From the first line of the entries down to the line with "At sunrise in", write out every line exactly; that last line counts, but pictures do not.
Segment Start: DATA EXTRACTS
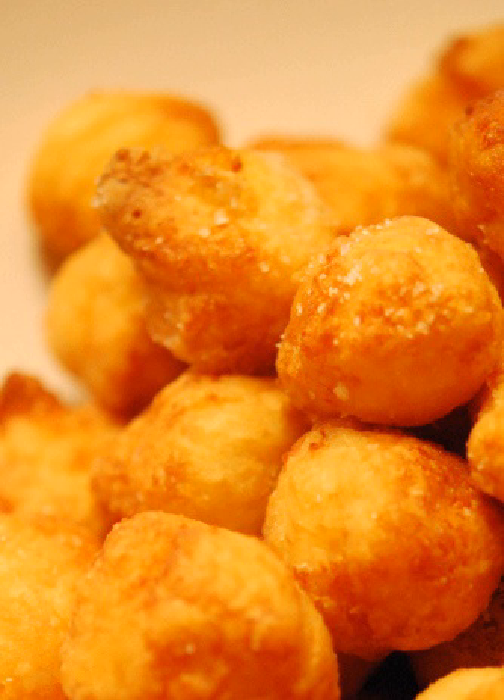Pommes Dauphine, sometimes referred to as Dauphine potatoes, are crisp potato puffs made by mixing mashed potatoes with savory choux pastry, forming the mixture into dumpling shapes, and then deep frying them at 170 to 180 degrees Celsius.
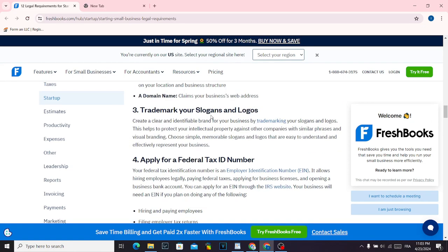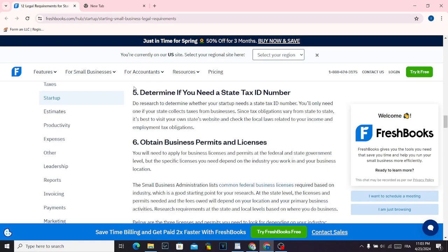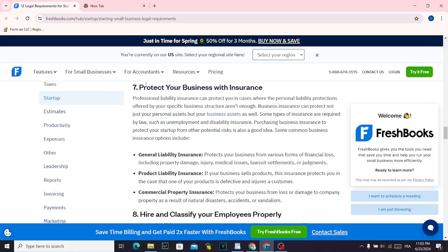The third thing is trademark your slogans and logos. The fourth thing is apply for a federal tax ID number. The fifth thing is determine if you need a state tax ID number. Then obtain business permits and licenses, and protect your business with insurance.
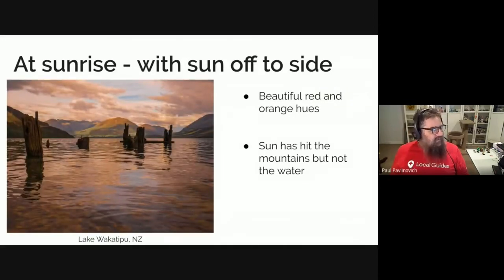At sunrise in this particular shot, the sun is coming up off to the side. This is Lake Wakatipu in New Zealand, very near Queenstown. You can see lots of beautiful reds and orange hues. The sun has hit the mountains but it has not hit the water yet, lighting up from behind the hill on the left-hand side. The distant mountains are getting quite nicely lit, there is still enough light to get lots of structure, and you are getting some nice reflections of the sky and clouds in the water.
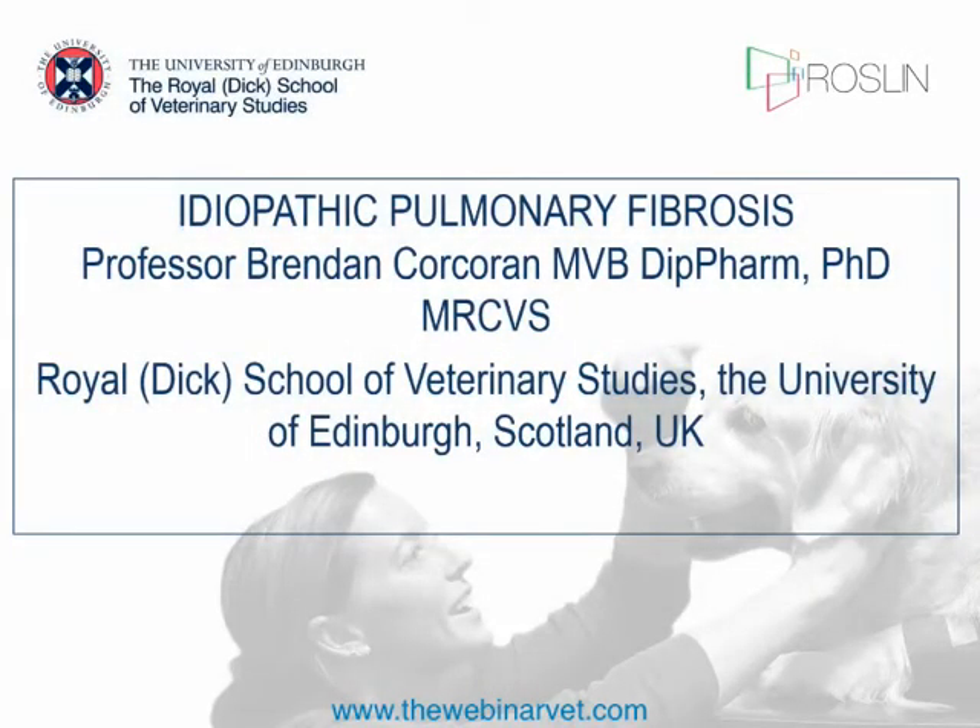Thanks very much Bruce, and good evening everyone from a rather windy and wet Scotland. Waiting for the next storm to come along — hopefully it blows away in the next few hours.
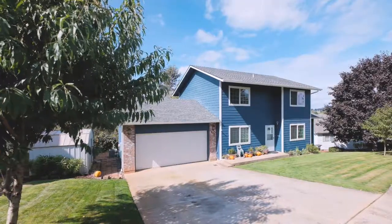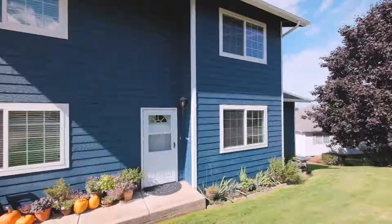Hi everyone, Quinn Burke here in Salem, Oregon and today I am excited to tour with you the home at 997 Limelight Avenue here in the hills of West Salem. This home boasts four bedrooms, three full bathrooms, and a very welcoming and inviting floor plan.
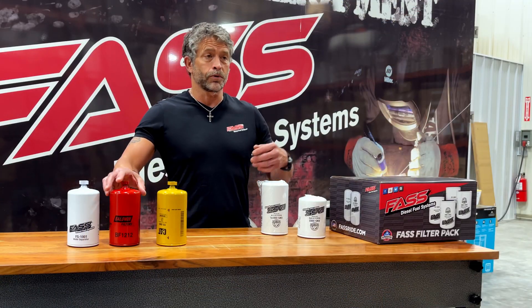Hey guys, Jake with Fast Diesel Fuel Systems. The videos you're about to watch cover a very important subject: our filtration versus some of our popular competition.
Segment End: DATA EXTRACTS
**COMPLETED EXERCISE:**
Pommes Dauphine, sometimes referred to as Dauphine potatoes, are crisp potato puffs made by mixing mashed potatoes with savory choux pastry, forming the mixture into dumpling shapes, and then deep frying them at 170 to 180 degrees Celsius.
The third thing is trademark your slogans and logos. The fourth thing is apply for a federal tax ID number. The fifth thing is determine if you need a state tax ID number. Then obtain business permits and licenses, and protect your business with insurance.
At sunrise in this particular shot, the sun is coming up off to the side. This is Lake Wakatipu in New Zealand, very near Queenstown. You can see lots of beautiful reds and orange hues. The sun has hit the mountains but it has not hit the water yet, lighting up from behind the hill on the left-hand side. The distant mountains are getting quite nicely lit, there is still enough light to get lots of structure, and you are getting some nice reflections of the sky and clouds in the water.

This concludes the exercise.